互恵という精神の素晴らしさ~日系ペルー人の場合~
太田宏人(ライター)
わたしは以前、ペルーで暮らしていました。
当時は、現地の日系社会の日刊紙(日本語とスペイン語のバイリンガル新聞)で記者をしていたのですが、日系社会には、日本に住む日本人がすでに失ったり、失いつつある、さまざまな習慣や言葉、心根、精神が、いまも息づいていることを知りました。
もっとも、ペルーを含めた南米、ハワイや北米、中米への日本人の移住は、100年以上の歴史を有しますし、各国ではすでに日系5世や6世が誕生しているので、戦後の移住者を除けば、日本語を話す人々は少なくなっています。

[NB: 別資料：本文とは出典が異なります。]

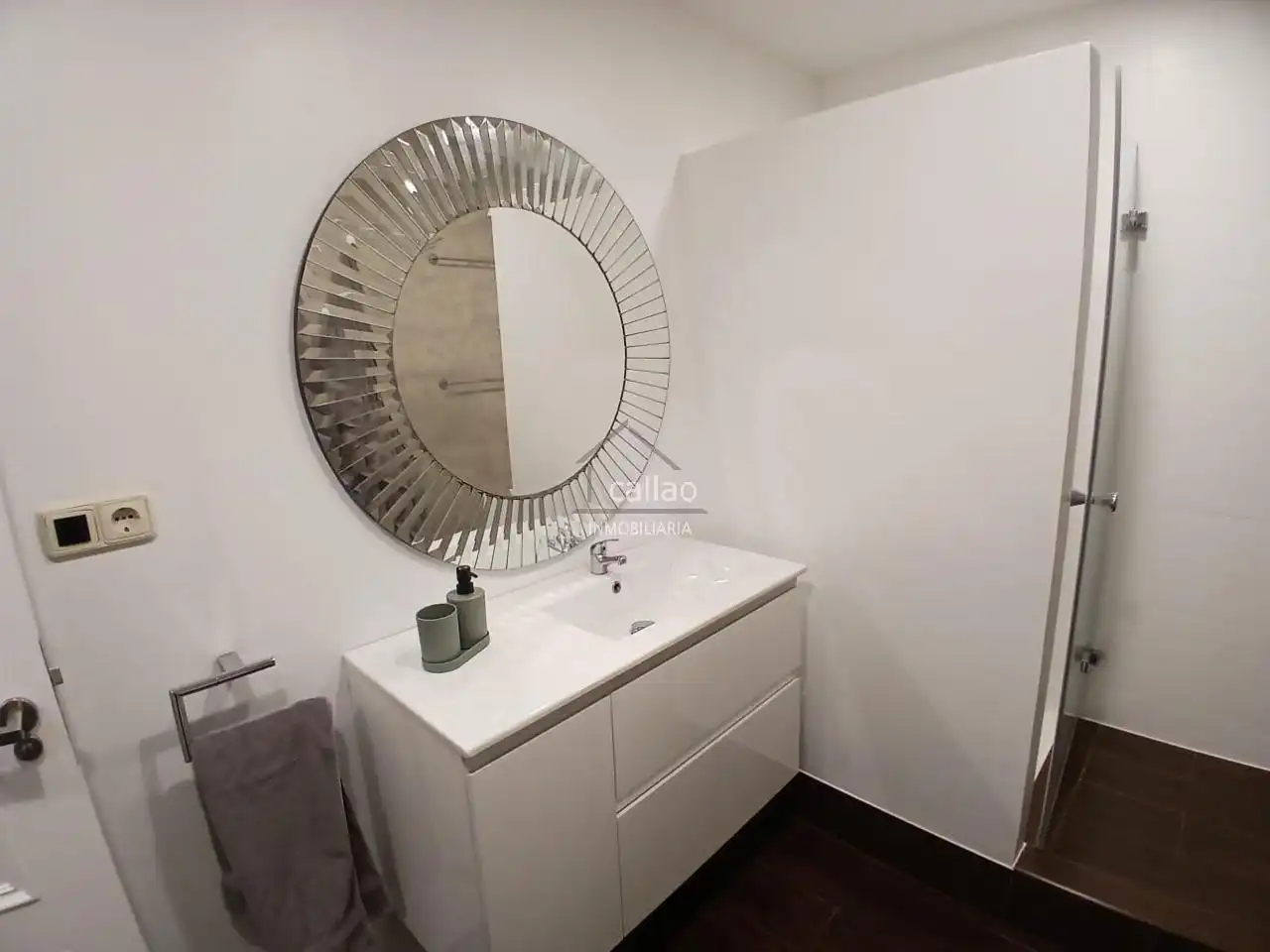 Bathroom of Flat for rent in Ferrol  with Heating, Storage room and Furnished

しかし、彼らが話す言葉が英語やスペイン語、ポルトガル語といった現地のものに変化しても、彼らの習慣や行動の「本質的なところ」は、やはり日本人的なものなのかもしれません。
たとえば、ペルーの日系社会において現在も普通に行われている「ソブレ」という習慣。
ソブレというのは、スペイン語で「封筒」という意味です。
日本人やその子孫たちは昔から、同朋(どうほう)の結婚式や葬儀に際して、参列者が金一封を出し、経済的な面で支えあってきました。いってみれば、日本の祝儀袋や香典袋です。しかし、日本製のこうした慶弔封筒が手に入りにくいペルーでは、市販の封筒(ソブレ)に現金を入れて、新郎新婦や喪主(喪家)に渡したのです。そうしていつしか慶弔封筒はソブレと呼ばれ、この行為そのものもソブレと呼ばれるようになり、今日に至ったのです。

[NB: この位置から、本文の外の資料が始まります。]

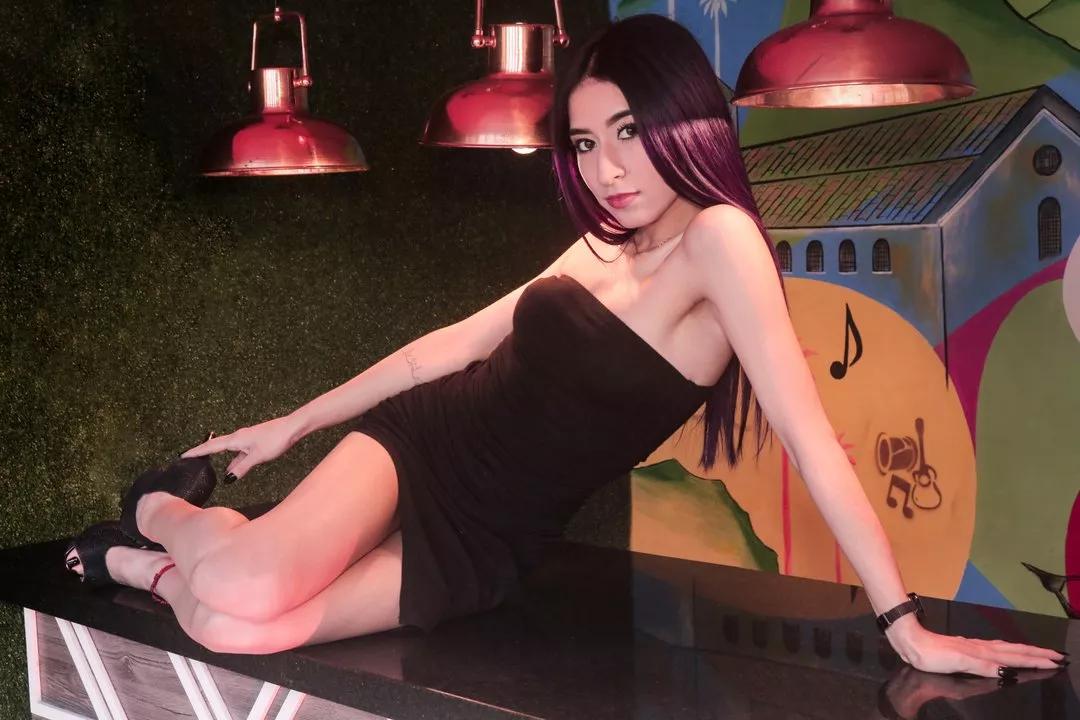 Offline JuliaJobss on Streamate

ソブレなどという代物(しろもの)は、(日系ではない)ペルー人にとって、非常に奇異なもののようです。彼らの冠婚葬祭では絶対に登場しません。だいいち、日系人の冠婚葬祭に出席する(日系ではない)ペルー人は、ソブレを出すことを嫌がります。
「なんでお金など出さなければならないのだ?」
という思いを抱くそうです。ペルーの人々に「支えあう気持ち」がないわけではないでしょうが、そういう気持ちが、金銭的なことに結びつかないのかもしれません。
つまり、ソブレという行為の背景にある互恵(ごけい)の精神、もしくは互助の精神は、日系人特有なのでしょう。実際、ソブレの恩恵があれば、どんなに貧しい家庭でも葬儀を出すことができるのです。これは非常に重要なことでした。海外に暮らす日本人は、日本に住む日本人以上に、葬儀を大切にしてきました。
■見返りを求めない互恵の心■
現在のソブレの額は、日本円にして数千円から1万円程度ですが、日本との経済格差を考えると、日本で言われているような香典の「相場」よりは若干、高額であると思います。しかし、日本の「香典」ともっとも異なるのは、香典返しのようなものがない、という点です。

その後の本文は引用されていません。